Lyzette’s review published on Letterboxd:
Having never seen a single anime I genuinely enjoyed (outside of Studio Ghibli), I'd heard some positive things about Perfect Blue and its director, Satoshi Kon. Truly, I was not prepared for just how marvelous of a film this really is, and how impacting it would be on my interest in Japanese animation.
Mima is the lead singer of a Japanese pop group, reminiscent of the many girl-bands that had been internationally popular at the latter part of the 1990’s. To the dismay of her fans, she makes a decision to quit the group in order to pursue her dream of being an actress. Her career takes off, but a traumatic experience causes her to slowly lose grip on her sanity. From this point, throughout the rest of the film, the fine line between reality and fantasy are blurred beyond comprehension. This downward spiral is made all the more difficult by a mega-fan - and stalker - by the name of Me-Mania, who attempt to Mima’s frail condition for his own pleasures.
The amount of emotion and psychological depth presented through its animation is absolutely remarkable. A critic once remarked this as a hypothetical result of Walt Disney’s and Alfred Hitchcock’s collaborative talents; perhaps this description isn’t completely accurate, but the Hitchcockian feel of this work is definitely apparent. At a certain point, the film becomes total chaos; elaborated and convoluted in every way possible. Eventually, the viewers themselves are left perplexed over whether the events are actually part of the movie’s physical story, or simply projections of Mima’s insanity.
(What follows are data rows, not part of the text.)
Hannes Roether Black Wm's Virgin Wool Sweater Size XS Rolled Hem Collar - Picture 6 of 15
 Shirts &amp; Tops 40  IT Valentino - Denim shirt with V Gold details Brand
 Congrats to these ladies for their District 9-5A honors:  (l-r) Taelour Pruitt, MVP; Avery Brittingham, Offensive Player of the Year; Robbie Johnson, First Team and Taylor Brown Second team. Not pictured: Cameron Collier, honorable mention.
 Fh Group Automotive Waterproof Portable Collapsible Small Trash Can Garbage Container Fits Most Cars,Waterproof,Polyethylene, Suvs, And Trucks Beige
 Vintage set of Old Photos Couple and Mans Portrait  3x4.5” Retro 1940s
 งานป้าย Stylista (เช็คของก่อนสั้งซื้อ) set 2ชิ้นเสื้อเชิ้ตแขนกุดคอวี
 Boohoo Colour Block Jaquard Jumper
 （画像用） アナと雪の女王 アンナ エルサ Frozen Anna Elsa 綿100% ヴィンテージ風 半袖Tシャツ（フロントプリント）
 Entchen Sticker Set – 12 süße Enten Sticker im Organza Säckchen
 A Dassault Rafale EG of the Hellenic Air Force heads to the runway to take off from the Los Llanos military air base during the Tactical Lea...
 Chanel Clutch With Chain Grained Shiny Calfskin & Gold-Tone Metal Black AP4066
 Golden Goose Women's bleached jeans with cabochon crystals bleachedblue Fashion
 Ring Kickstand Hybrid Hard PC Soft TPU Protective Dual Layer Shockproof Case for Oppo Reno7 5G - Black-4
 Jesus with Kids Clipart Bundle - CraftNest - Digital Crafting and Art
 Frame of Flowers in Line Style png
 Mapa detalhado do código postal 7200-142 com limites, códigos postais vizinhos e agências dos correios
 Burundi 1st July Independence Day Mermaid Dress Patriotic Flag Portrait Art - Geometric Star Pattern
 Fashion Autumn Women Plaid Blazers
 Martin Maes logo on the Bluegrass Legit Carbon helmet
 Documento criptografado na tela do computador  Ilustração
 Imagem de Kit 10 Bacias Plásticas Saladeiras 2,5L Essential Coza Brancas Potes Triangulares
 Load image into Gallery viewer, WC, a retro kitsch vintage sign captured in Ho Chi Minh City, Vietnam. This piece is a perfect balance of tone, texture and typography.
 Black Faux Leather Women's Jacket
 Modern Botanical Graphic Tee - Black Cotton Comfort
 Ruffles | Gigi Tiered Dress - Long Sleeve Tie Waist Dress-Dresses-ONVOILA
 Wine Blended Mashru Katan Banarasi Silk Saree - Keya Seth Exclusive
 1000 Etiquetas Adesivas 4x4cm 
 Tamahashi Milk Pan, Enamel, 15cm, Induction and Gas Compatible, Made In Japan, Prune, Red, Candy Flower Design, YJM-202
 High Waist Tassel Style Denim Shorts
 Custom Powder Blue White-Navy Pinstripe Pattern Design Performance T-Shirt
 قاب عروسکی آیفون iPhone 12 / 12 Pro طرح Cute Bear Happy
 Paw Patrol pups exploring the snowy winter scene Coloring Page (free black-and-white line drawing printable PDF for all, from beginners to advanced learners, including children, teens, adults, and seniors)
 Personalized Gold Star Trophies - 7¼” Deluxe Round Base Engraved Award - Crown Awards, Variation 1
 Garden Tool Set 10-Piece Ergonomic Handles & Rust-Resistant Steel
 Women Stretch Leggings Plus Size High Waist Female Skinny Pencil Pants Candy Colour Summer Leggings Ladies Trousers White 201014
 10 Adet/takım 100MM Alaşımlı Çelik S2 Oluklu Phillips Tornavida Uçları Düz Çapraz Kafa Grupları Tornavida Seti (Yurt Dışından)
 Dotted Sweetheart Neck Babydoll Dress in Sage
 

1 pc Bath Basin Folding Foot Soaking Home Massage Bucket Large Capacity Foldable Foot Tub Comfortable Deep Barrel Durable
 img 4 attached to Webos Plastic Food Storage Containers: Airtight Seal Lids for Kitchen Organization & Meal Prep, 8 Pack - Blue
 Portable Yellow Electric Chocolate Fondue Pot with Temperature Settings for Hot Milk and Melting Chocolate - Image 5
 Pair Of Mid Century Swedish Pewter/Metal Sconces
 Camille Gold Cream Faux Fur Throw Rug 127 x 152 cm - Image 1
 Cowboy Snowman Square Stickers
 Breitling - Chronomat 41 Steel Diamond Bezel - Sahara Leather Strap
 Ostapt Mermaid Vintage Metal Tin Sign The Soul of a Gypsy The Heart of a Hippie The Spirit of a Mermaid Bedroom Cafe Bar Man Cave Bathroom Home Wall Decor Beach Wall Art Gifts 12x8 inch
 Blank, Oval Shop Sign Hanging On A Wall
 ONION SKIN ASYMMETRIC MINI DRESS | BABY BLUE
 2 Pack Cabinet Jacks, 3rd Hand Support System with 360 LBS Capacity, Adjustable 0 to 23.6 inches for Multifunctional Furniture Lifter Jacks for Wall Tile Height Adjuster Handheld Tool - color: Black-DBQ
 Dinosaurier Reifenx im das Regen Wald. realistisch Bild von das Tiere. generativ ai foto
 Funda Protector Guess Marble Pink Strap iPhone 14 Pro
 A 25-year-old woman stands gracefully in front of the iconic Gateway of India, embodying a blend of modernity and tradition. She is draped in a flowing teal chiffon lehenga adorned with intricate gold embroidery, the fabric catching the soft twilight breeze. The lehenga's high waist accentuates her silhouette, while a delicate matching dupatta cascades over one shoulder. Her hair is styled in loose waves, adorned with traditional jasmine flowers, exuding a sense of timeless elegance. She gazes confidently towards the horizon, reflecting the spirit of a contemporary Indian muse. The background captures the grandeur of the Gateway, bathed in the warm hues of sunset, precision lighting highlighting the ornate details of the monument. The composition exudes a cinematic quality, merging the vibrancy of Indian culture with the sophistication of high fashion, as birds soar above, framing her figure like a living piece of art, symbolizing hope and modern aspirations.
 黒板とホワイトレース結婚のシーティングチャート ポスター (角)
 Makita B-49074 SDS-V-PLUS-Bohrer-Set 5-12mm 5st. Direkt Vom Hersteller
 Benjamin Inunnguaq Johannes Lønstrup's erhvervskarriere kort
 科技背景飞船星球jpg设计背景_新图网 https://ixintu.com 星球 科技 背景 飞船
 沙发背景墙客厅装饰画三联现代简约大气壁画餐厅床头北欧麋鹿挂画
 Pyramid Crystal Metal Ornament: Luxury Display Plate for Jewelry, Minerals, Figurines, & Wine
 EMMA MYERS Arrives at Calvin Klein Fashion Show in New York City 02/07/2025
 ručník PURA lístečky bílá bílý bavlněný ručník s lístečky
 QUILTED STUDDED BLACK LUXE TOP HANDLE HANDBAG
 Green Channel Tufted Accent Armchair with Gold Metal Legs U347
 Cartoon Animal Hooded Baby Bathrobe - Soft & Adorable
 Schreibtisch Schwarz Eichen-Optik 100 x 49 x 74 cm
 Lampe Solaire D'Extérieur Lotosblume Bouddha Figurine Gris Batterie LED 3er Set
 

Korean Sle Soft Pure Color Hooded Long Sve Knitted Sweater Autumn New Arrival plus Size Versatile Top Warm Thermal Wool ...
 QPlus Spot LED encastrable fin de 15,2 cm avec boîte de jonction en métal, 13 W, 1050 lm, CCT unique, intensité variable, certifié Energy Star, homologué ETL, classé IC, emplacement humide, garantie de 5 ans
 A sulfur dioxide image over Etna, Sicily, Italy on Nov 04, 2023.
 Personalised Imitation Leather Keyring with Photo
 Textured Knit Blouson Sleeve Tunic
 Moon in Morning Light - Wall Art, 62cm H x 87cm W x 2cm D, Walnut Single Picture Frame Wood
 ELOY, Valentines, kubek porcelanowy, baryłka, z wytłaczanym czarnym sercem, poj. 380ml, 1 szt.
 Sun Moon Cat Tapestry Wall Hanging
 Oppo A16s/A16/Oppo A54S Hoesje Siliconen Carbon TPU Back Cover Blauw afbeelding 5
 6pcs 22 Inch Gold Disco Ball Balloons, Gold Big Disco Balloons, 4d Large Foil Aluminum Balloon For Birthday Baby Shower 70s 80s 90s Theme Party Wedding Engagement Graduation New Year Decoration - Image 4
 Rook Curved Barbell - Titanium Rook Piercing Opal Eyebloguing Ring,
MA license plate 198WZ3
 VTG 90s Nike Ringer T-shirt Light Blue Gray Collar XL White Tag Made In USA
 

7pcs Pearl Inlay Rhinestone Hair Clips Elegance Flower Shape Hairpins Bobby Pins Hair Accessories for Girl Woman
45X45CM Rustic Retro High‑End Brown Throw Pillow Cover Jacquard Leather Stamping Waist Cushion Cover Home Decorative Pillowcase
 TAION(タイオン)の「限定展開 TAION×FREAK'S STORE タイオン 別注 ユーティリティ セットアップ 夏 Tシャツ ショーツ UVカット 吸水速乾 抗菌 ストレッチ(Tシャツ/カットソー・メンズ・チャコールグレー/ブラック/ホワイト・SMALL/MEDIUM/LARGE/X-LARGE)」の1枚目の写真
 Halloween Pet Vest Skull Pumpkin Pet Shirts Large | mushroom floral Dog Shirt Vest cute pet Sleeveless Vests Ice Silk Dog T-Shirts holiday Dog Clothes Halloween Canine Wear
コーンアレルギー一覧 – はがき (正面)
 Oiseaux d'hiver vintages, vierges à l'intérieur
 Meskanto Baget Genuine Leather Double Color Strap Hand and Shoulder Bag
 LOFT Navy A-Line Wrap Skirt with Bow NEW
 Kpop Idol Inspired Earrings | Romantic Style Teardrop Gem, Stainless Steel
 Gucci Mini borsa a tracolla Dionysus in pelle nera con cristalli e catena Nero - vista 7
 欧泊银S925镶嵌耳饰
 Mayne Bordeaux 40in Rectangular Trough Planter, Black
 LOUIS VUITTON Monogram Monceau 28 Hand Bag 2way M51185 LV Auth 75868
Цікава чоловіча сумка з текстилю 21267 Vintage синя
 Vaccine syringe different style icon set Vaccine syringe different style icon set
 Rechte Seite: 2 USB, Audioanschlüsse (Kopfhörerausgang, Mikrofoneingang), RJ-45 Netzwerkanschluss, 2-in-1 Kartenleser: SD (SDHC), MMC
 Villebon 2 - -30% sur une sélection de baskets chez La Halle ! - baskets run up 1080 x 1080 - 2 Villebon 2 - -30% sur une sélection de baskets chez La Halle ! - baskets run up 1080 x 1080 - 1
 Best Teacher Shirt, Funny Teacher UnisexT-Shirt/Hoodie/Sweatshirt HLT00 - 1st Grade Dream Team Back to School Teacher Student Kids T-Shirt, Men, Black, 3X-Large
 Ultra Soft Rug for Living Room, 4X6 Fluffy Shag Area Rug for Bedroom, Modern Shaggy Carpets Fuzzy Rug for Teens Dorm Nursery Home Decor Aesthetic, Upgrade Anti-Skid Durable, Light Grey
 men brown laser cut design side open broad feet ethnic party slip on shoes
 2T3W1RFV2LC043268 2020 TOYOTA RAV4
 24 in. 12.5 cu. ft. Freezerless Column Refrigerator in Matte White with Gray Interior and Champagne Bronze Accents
However, such incoherence in plot structure is never frustrating or boring. Satoshi Kon succeeds at creating an atmosphere that is both beautiful and enigmatic. Perfect Blue’s setting is in modern-day Japan, a common theme in his films to follow. With such dark city landscapes, embroidered with towering buildings and suspicious streetlights, and blanketed by a billowing darkness, Kon does wonderful things with its animation to convey a realistic depth of field. The visual detail in every aspect of this film, fantasy or reality, carries a dream-like aura, and many scene compositions are produced so brilliantly and really stick to memory.
The amount of influence that Darren Aronofsky retrieved from Perfect Blue is certainly obvious. He bought the rights to the film to reuse the famous bathtub scene in Requiem for a Dream, and the film’s plot is analogous to his Black Swan. And it’s no surprise, as a film like Perfect Blue really is that impacting. It has created me into an anime fan, something I would not have been able to say previous to my initial viewing. Any fan of psychological drama or nifty animation should not miss this film, as it truly is a gripping, one-of-a-kind experience to be had.